It is also a kind of satirical comedy about which Winston Churchill would have unfairly said, like democracy, it’s terribly messy and seems to be the worst form of theatre except for all those other forms that have been tried from time to time.
Being surrounded by all these 1-score people, you perhaps can imagine my trepidation at 4-score years and 3 (that's my Shakespeare reference), pretending I can critically evaluate a play from an online world, where all social communication since birth requires the internet. When the internet crashes, this is disaster. Mostly for me a confusing disaster; while being very funny and clearly deserving the huge celebratory curtain call from everybody else for this brand-new Lucid Theatre Company's inaugural production.
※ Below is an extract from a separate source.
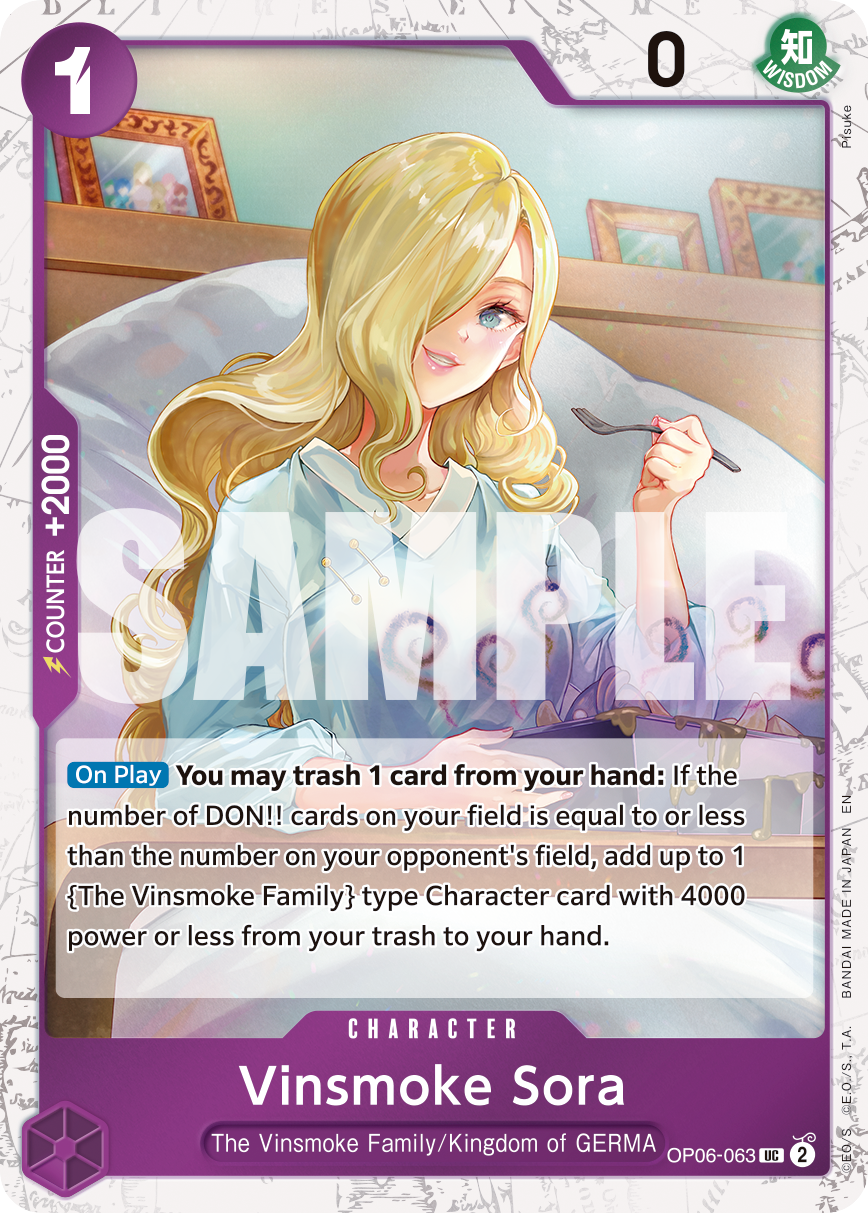 Vinsmoke Sora art alt 1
Though it seemed as if it had been created along the lines that I might have used in teaching drama through large-group improvisation, it came together enough to open up some serious experiential learning. The class instruction might have been “you have 90 minutes for this workshop; you begin with a party and end with a party a week or two later – start improvising when I click my fingers”.
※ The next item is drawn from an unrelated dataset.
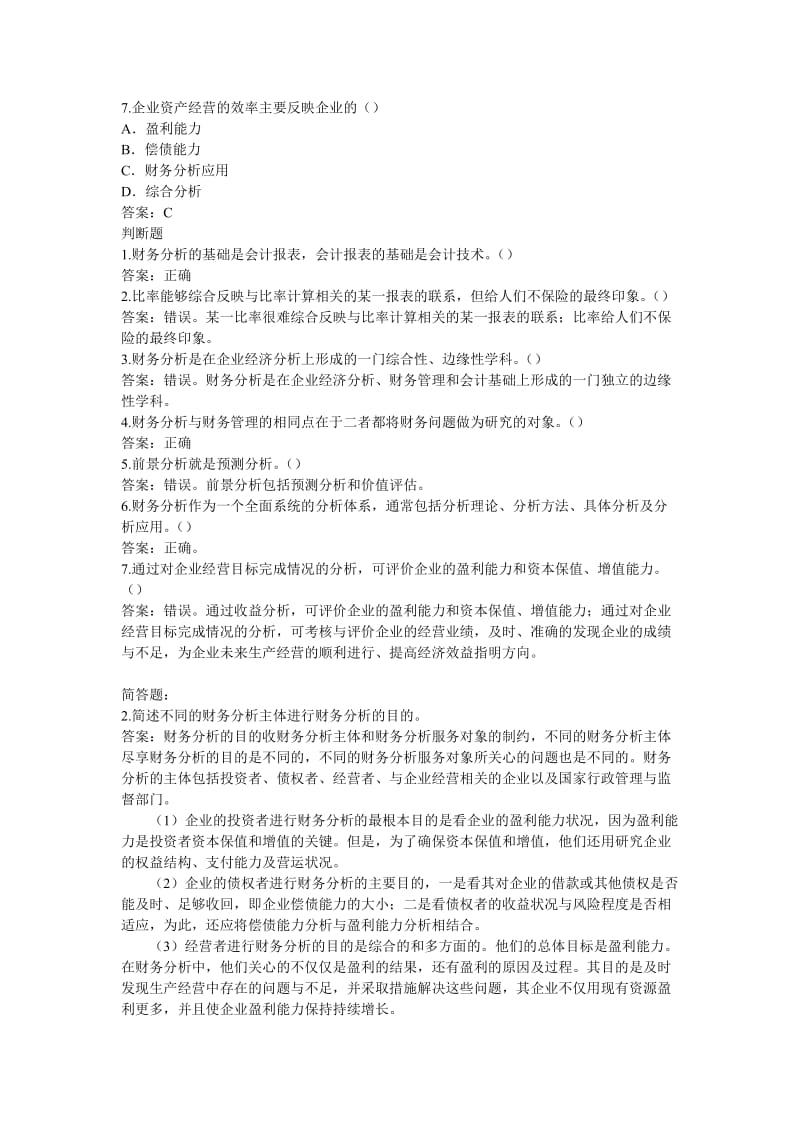 财务分析习题答案.doc_第2页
Looking back to when I was 20 at university like these characters, communication was immediately personal, or by tentative telephone calls to the person you might be falling in love with, and by letters with anxious time-gaps waiting for replies. The failure of the internet in this play, meaning the inability to have immediate communications, and the lacking in experience of how to manage without knowing what was happening (and not being able to submit your essay on time) still left these characters with the apprehensions and misapprehensions, the same fantasies, and the same possibilities for jealousy as for me 60 years ago.
But the over-excitement and instant judgemental responses which today’s social media generates as TikTok is flooded with photos and videos, sent with or without permissions and consent, is really the serious point of this play. Life at 20 was never meant to be easy, as even Shakespeare wrote 400 years ago; but at least in my day it happened at a slower and perhaps more manageable pace.
So People You May Know – or maybe don’t know as well as you thought – is an interesting piece of what I would call exploratory social drama, and bodes well for the future of Lucid Theatre.